There's a bit of a tension here between the results I need in the end and the results I need to take the next steps with my PhD. Because I'm explicitly asking about the conditions under which learning does and does not evolve, all of the negative results are actually relevant in the long run, but for now I need to chase after positives. This is so that I can defend a research proposal—the sooner the better—which will be impossible without some positive results. If I can demonstrate some conditions under which good agents reliably evolve, then it's not too hard to argue that I'll be able to find many manipulations that cause them to fail, but the reverse is a lot trickier.

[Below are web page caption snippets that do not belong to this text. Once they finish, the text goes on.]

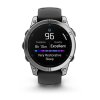 Garmin Fenix E  Steel Black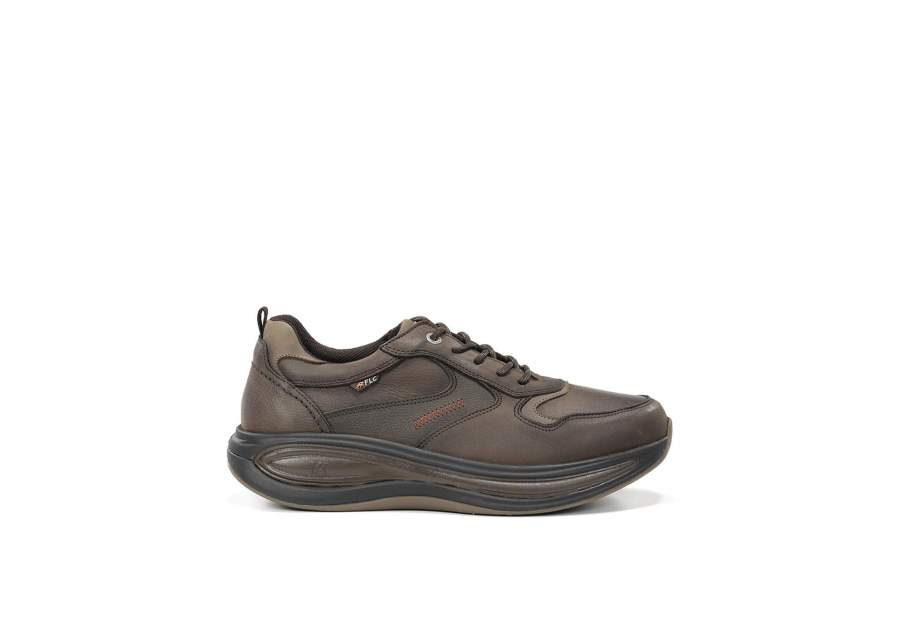 Scarpa stringata marrone Fluchos F2567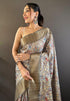 Vasthrlay Kanjivaram Kalamkari Printed Ethnic Wear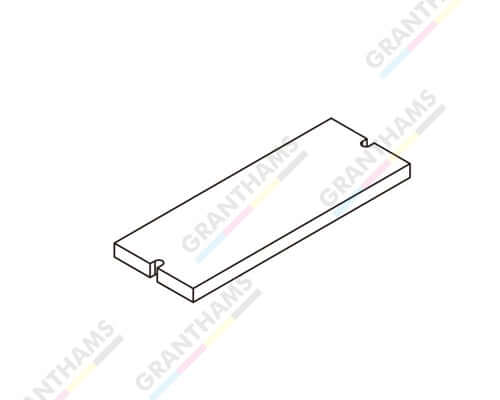 Cutting blade for Roland XP-640 solvent printer/cutter, essential for precise cutting and printing tasks.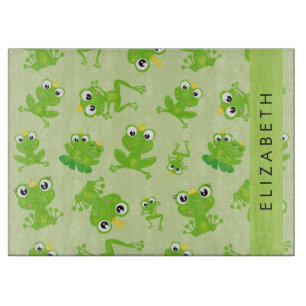 Planche À Découper Motif de grenouille, Grenouille verte, Prince de g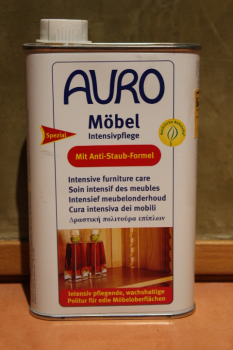 AURO Möbel-Intensivpflege, 0,5 ltr., Nr. 662
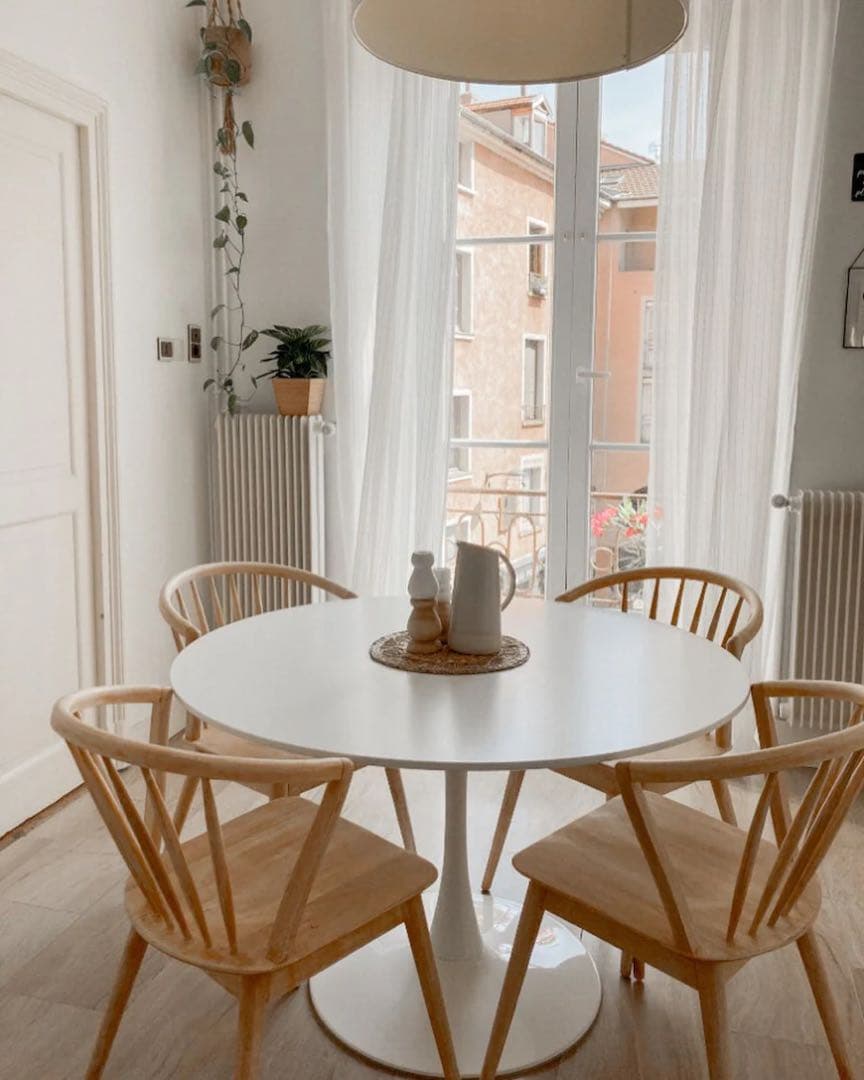 【直接取引限定】IKEA ドクスタ　 ホワイト 103cm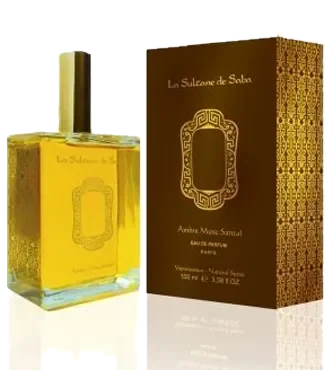 La Sultane de Saba Ambre, Musc, Santal parfüm şişesi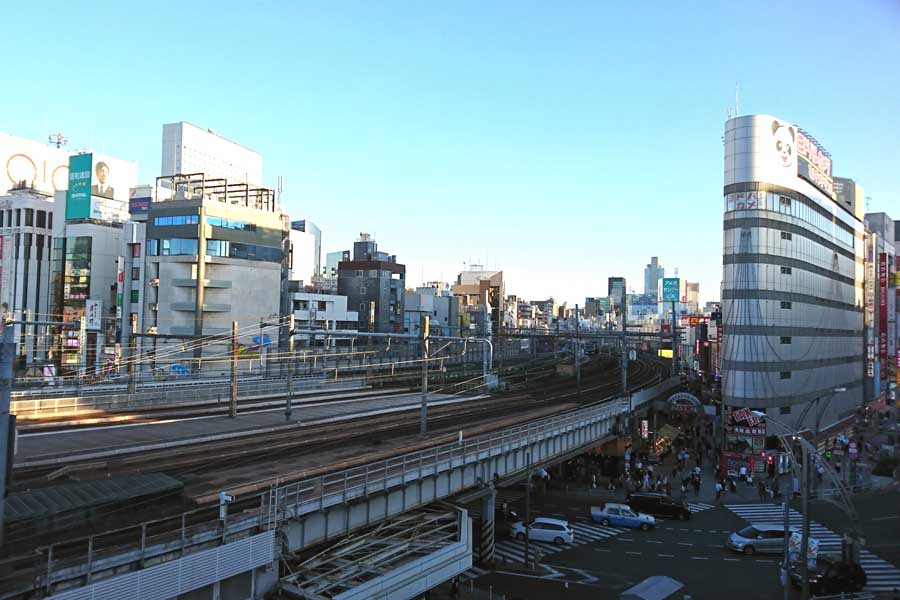 ごちゃ混ぜ感がたまらない？ 上野という名の「キャラ渋滞」都市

So I'm left looking for ways of making the task easier.
Specific ideas I got from colleagues and want to take note of are behind the cut.
Testing the single-threshold agent
We have a more than slight suspicion that the best agents I've seen so far are all implementing a single-threshold strategy. What I mean by this is that instead of selecting a range of input signals to respond to by eating or avoiding, they are selecting a threshold, above or below which they will always eat. Depending on the offset used in a given trial (see chart), this is a strategy that will work perfectly (for 0.4, for instance, because the whole input range can be partitioned into one 'good' and one 'bad' zone) or quite poorly (I think 0.7 would be the worst (take the 0.2 line and turn it upside down) because any partition would necessarily include half of the bad food). Obviously for an individual agent it's easy enough to watch behaviour and determine if this is going on, but what I also need to do is hand-code an agent that does exactly this and measure its performance. With that information, I can tell how much better an agent that really does what I want it to will perform than one which implements the single threshold; if this difference is too small then I may be in trouble because there could be too little pressure in a search to come up with anything better than the single threshold.
Of course a simple way to solve this problem would be to use a function for the sensory flag - food goodness mapping that always has more than one peak and more than one trough, but my intuition is that this will itself make the task harder, so I don't want to do it unless I'm sure I have a problem with single-threshold agents.
Rest periods
At present, a trial set consists of successive presentations of food to the agent with no breaks in between. At the end of a presentation of food, the output neuron is 'read' to decide whether or not the agent will bite, and the agent's energy level is changed as appropriate. The problem with this is that at the beginning of the next presentation of food the agent receives two bits of information simultaneously: both the sensory flag associated with the new food, and the change in its energy level caused by the old food. I hadn't really thought about this problem before others in the lab pointed it out, but in response I should try putting a gap in between each presentation of food, and see if that changes performance.
Allowing partial eating
At present the agent either bites the food or ignores it; a binary decision. The trouble with this is that in order to learn about food quality it must start out by biting everything to get some feedback, but if it happens to get a few presentations of really bad food at the start of an evaluation, that will cost it a substantial fitness penalty, adding unnecessary evaluation noise. So I'm going to try making the bite-not bite distinction a continuous one, allowing agents to partially eat some food (by using the actual value of the output neuron instead of just whether or not it is above a threshold). This should allow safer test-biting, which might bring about a desirable reduction in evaluation noise.
Starting agents' energy levels in the middle of their range
At present, an agent starts a trial with an energy level of 1, and its energy level saturates at 1. This means that if it is immediately presented with good food and eats it, it gets very little information. To remedy this, I will try starting the agents' energy levels at 0.5. This still leaves open the possibility of saturation later on—in fact the best agents will be able to reach an energy level of 1 fairly quickly—but I'm less worried about that because it will kick in after the agent has learned the sensory flag - food goodness relationship.